Imaging oxygen consumption in forepaw somatosensory stimulation in rats under isoflurane anesthesia

Abstract

The cerebral metabolic rate of oxygen (CMRO2) was dynamically evaluated on a pixel-by-pixel basis in isoflurane-anesthetized and spontaneously breathing rats following graded electrical somatosensory forepaw stimulations (4, 6, and 8mA). In contrast to α-chloralose, which is the most widely used anesthetic in forepaw-stimulation fMRI studies of rats under mechanical ventilation, isoflurane (1.1-1.2%) provided a stable anesthesia level over a prolonged period, without the need to adjust the ventilation volume/rate or sample blood gases. Combined cerebral blood flow signals (CBF) and blood oxygenation level-dependent (BOLD) fMRI signals were simultaneously measured with the use of a multislice continuous arterial spin labeling (CASL) technique (two-coil setup).

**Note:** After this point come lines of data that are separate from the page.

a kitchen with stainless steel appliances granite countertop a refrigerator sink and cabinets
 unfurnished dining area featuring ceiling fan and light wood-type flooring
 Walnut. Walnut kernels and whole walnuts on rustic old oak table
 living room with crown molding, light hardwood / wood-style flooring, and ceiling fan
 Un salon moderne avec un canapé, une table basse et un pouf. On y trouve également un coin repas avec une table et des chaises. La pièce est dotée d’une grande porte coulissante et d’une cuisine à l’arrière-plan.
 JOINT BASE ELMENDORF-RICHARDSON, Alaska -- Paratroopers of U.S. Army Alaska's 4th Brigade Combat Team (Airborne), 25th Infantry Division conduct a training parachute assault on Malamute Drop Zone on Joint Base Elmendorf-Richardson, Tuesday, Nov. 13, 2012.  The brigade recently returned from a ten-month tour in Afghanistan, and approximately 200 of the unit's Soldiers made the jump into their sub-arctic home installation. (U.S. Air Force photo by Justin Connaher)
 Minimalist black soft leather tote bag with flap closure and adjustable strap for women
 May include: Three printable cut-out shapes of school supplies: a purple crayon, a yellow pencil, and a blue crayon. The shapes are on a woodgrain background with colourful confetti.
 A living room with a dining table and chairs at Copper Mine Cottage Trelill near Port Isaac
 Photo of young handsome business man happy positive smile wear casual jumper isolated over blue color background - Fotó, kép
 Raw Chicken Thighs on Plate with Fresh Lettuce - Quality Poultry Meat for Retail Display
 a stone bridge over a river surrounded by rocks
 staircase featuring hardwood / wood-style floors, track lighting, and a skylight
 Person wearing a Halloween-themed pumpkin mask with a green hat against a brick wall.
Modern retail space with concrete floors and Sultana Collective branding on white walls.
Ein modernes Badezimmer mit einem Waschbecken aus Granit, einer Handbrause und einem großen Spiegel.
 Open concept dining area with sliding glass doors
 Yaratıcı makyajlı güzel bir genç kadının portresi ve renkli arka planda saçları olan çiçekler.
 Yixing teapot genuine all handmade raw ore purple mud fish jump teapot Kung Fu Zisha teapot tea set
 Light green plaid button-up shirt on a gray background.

CMRO2 was calculated using the biophysical BOLD model of Ogawa et al. (Proc Natl Acad Sci USA 1992;89:5951-5955). The stimulus-evoked BOLD percent changes at 4, 6, and 8mA were, respectively, 0.5% ± 0.2%, 1.4% ± 0.3%, and 2.0% ± 0.3% (mean ± SD, N = 6). The CBF percent changes were 23% ± 6%, 58% ± 9%, and 87% ± 14%. The CMRO2 percent changes were 14% ± 4%, 24% ± 6%, and 43% ± 11%. BOLD, CBF, and CMRO2 activations were localized to the forepaw somatosensory cortices without evidence of plateau for oxygen consumption, indicative of partial coupling of CBF and CMRO 2. This study describes a useful forepaw-stimulation model for fMRI, and demonstrate that CMRO2 changes can be dynamically imaged on a pixel-by-pixel basis in a single setting with high spatiotemporal resolution. © 2004 Wiley-Liss, Inc.